◆ INFORMATION SHOWN:
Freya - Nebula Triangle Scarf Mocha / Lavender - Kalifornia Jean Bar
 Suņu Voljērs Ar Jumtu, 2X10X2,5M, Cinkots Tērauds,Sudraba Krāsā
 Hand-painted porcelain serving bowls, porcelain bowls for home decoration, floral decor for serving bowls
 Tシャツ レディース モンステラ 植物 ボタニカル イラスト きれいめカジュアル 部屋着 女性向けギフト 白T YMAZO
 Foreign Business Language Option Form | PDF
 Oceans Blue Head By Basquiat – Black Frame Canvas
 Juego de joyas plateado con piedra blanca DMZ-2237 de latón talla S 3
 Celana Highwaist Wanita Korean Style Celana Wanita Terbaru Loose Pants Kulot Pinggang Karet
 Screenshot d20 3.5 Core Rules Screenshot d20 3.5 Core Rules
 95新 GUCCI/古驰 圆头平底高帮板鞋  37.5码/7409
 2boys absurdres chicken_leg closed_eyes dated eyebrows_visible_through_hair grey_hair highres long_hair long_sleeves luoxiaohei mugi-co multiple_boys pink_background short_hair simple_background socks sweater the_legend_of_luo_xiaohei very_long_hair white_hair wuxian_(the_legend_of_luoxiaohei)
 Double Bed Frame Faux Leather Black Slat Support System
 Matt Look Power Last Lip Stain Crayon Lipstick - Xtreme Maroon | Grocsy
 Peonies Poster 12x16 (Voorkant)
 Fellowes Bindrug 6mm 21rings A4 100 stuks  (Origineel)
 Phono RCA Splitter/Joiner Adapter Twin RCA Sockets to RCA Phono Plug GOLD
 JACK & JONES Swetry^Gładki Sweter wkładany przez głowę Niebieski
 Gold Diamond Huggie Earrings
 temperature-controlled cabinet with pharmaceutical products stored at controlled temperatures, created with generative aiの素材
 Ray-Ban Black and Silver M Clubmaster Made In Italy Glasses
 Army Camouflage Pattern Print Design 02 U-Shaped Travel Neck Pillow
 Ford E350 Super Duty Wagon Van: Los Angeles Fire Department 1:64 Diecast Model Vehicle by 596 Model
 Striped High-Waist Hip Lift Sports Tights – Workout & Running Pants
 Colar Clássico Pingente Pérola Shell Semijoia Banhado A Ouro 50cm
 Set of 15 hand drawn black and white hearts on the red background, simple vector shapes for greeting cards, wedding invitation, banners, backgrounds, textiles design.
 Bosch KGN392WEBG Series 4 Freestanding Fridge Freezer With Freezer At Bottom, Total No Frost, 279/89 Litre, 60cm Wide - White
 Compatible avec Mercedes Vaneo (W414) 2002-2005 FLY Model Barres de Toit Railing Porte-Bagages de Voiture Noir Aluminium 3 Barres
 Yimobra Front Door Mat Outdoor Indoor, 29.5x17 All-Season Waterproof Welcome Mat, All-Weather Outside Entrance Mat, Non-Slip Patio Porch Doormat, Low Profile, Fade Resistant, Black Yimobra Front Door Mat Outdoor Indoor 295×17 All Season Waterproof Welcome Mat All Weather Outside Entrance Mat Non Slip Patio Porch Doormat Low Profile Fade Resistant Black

◆ PROBLEM:
From the entries, count the lines that hold the string "Frame". Nothing but the number is needed.

◆ SOLUTION TO THIS TASK:
2